## DATASET EXTRACT
*** Begin section ***

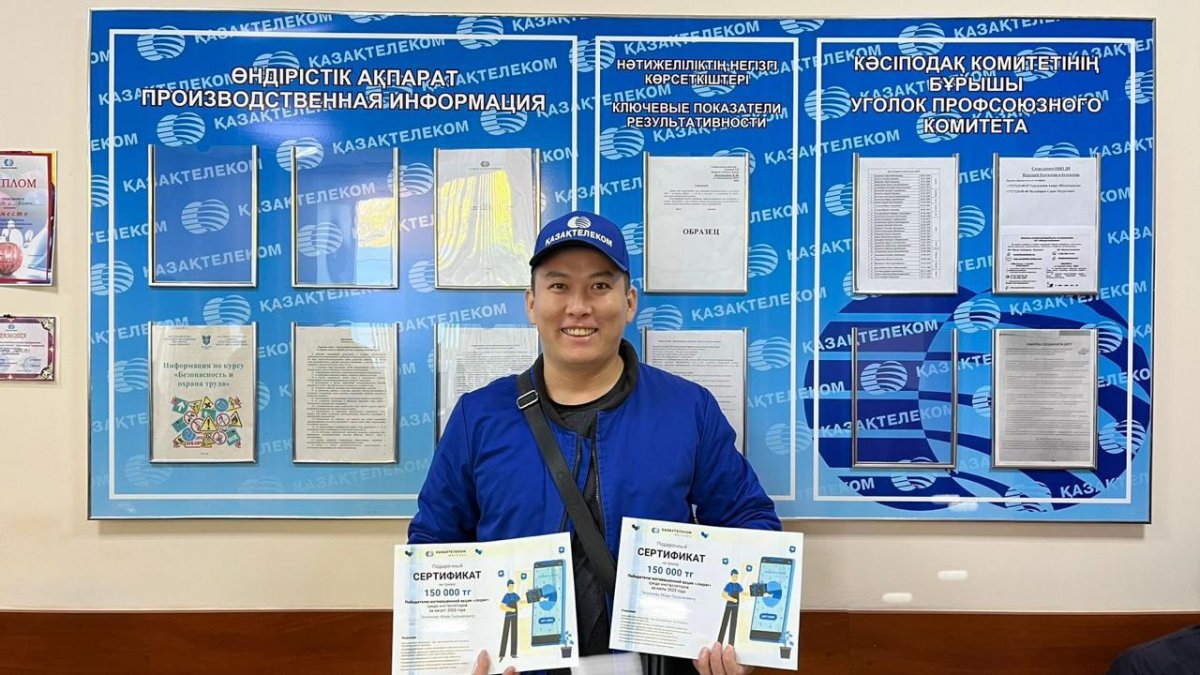 Люди, на которых держится связь: история костанайского инсталлятора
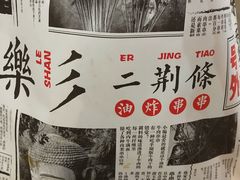 -乐乐姐超级土豆(中关村5号店)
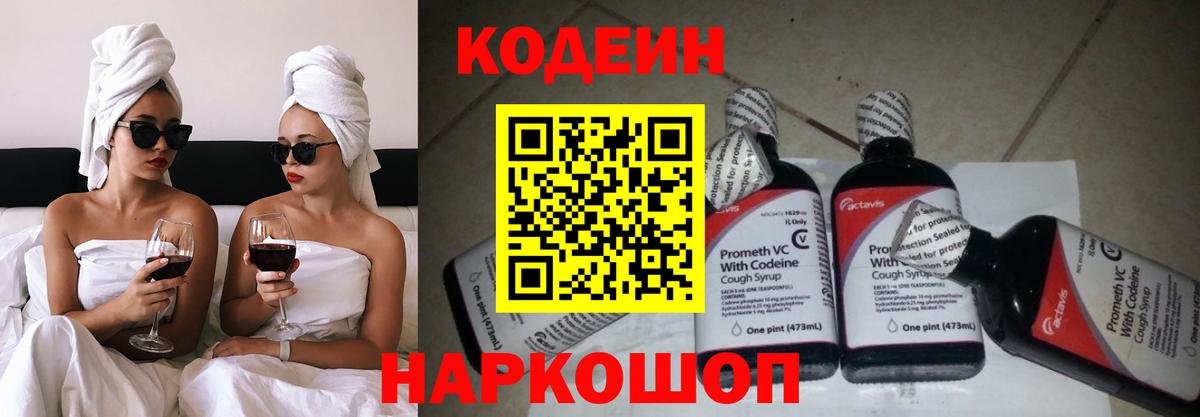 Кодеиновый сироп Lean напиток Lean (лин) Ярцево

*** End section ***

## EXERCISE BRIEF
Exact output of each line above is wanted, without the pictures.

## YOUR RESPONSE
 Люди, на которых держится связь: история костанайского инсталлятора
 -乐乐姐超级土豆(中关村5号店)
 Кодеиновый сироп Lean напиток Lean (лин) Ярцево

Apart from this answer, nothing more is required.